360CVGroup / HiCo_T2I

Precise layout controlled image generation
https://360cvgroup.github.io/HiCo_T2I/
28 stars 0 forks source link
image-generation layout-control

👉 HiCo: Hierarchical Controllable Diffusion Model for Layout-to-image Generation

💥 NeurIPS 2024!

Bo Cheng, Yuhang Ma, Liebucha Wu, Shanyuan Liu, Ao Ma, Xiaoyu Wu, Dawei Leng†, Yuhui Yin(✝Corresponding Author)


🔥 News

🕓 Schedules

💻 Quick Demos

Image demos can be found on the HiCo. Some of them are contributed by the community. You can customize your own personalized generation using the following reasoning code.

🔧 Quick Start

0. Experimental environment

We tested our inference code on a machine with a 24GB 3090 GPU and CUDA environment version 12.1.
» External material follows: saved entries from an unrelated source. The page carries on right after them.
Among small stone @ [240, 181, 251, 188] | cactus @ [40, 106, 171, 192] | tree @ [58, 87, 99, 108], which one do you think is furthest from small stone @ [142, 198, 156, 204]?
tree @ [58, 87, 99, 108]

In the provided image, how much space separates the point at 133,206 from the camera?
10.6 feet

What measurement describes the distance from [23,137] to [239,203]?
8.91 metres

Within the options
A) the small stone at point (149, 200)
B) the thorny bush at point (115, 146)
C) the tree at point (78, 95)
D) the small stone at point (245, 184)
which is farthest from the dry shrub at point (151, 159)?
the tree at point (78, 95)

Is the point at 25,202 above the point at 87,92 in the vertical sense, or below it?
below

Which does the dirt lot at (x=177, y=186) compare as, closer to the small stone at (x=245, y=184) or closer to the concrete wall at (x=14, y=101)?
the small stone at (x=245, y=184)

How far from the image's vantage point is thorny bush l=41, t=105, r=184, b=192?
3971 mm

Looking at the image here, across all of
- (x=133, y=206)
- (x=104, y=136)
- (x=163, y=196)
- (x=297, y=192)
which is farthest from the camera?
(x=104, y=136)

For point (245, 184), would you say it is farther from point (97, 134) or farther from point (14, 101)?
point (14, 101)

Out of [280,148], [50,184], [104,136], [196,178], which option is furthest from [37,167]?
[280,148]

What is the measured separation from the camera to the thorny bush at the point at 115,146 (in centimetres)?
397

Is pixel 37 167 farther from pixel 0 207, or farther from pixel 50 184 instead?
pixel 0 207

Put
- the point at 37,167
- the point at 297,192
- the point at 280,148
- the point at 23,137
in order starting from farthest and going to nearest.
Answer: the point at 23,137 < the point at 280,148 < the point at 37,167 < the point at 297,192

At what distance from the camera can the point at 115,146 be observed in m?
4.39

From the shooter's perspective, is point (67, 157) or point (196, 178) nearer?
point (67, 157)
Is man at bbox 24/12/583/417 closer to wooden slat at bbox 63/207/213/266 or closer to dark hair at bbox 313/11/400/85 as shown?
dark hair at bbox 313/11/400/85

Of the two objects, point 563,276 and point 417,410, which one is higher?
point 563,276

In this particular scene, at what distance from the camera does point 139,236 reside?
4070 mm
1. Setup repository and environment

git clone https://github.com/360CVGroup/HiCo_T2I.git
cd HiCo
conda create -n HiCo python=3.10
conda activate HiCo
pip install -r requirements.txt
cd diffusers
pip install .

2. Prepare the models

git lfs install

# HiCo checkpoint
git clone https://huggingface.co/qihoo360/HiCo_T2I models/controlnet

# stable-diffusion-v1-5
git clone https://huggingface.co/krnl/realisticVisionV51_v51VAE models/realisticVisionV51_v51VAE

3. Customize your own creation

CUDA_VISIBLE_DEVICES=0   infer-avg.py

🔥 Train

The json structure for dataset is:

dataset

├──base_info 
│  ├──id
│  ├──width
│  ├──height
│  ├──f_path
├──caption  
├──obj_nums  
├──img_size  
│  ├──H
│  ├──W
├──path_img (f_path)
├──list_bbox_info
│  ├──subcaption
│  ├──coordinates(x1,y1,x2,y2)
│  │......
├──crop_location

Then you can train the code.

accelerate launch train_hico.py

BibTeX

@misc{cheng2024hicohierarchicalcontrollablediffusion,
      title={HiCo: Hierarchical Controllable Diffusion Model for Layout-to-image Generation}, 
      author={Bo Cheng and Yuhang Ma and Liebucha Wu and Shanyuan Liu and Ao Ma and Xiaoyu Wu and Dawei Leng and Yuhui Yin},
      year={2024},
      eprint={2410.14324},
      archivePrefix={arXiv},
      primaryClass={cs.CV},
      url={https://arxiv.org/abs/2410.14324}, 
}

License

This project is licensed under the Apache License (Version 2.0).